Patriots players have worn an "MHK" patch on their jerseys all season and have played in Myra Hiatt Kraft's honor. She was around for players, coaches and staffers, so the sting was felt when she died -- and well after. As mundane as the Patriots can be when it comes to most things, they tend to break out of their programmed personas when it comes to Myra Kraft.

Said quarterback Tom Brady: "She is a woman who has been smiling down on us over the course of this season. I think Mr. Kraft and his family have had a challenging six months. Mr. Kraft said the other day that he is a very spiritual person, and hopefully we can go out and get a win for him.
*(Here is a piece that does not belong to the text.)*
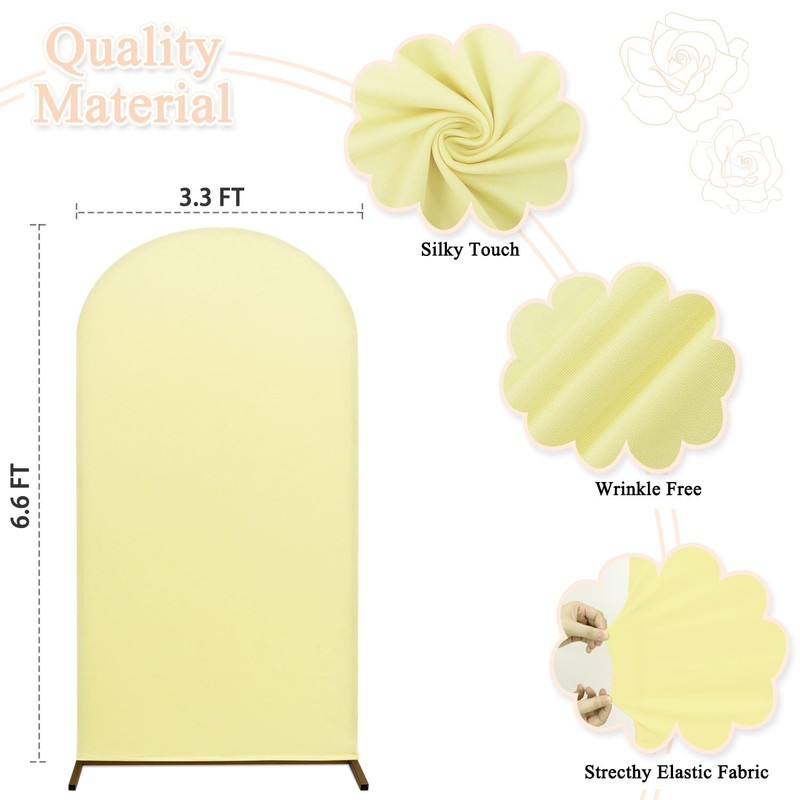 6.6FT Wedding Arch Cover Round Top Fitted Spandex Arch Yellow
I think it would make this year very special for him and special for his family."

Defensive lineman Vince Wilfork expressed similar feelings: "For her not to be here physically with us, I think everybody thinks of every moment that she was around. This year is dedicated to her, and hopefully we can finish it off with a good outcome for her and for the Kraft family."
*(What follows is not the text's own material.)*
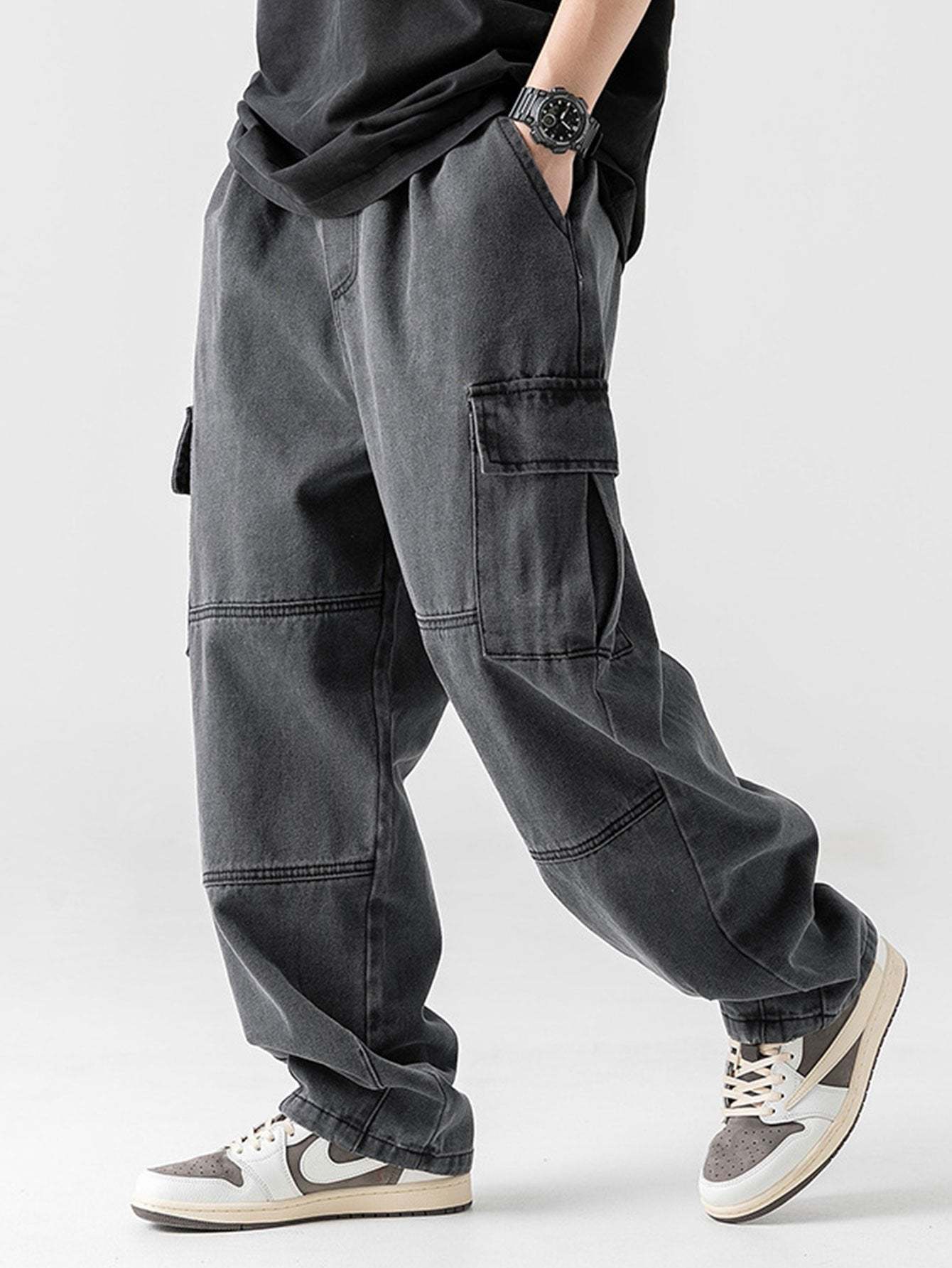 Straight Leg Cargo Jeans-Waves And Trunks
While Mara's role in getting the NFL season to this point and his importance to the Giants is no less significant than Kraft's, the Pats owner has almost outshone his team leading up to Super Bowl XLVI. The loss of Myra, of course, has been the focal point, but Kraft also is a different type of owner.

Most of the men cutting the checks in NFL fall into two categories: barely seen and aloof, or very visible and hands-on. Kraft is a blend of both. The wealth and power are evident, but so is his genuine character. That's why people want to work with him and it's why he was the one who could get owners and players to look past their agendas during the lockout. He could look people in the eye and they knew he wasn't running a con.

"He'll work his way through," Blank said of Kraft. "He's wrapped himself around four pillars in life that he lives by: Family, the memory of his wife, his franchise and philanthropy.

"He's given the perfect example for the rest of us."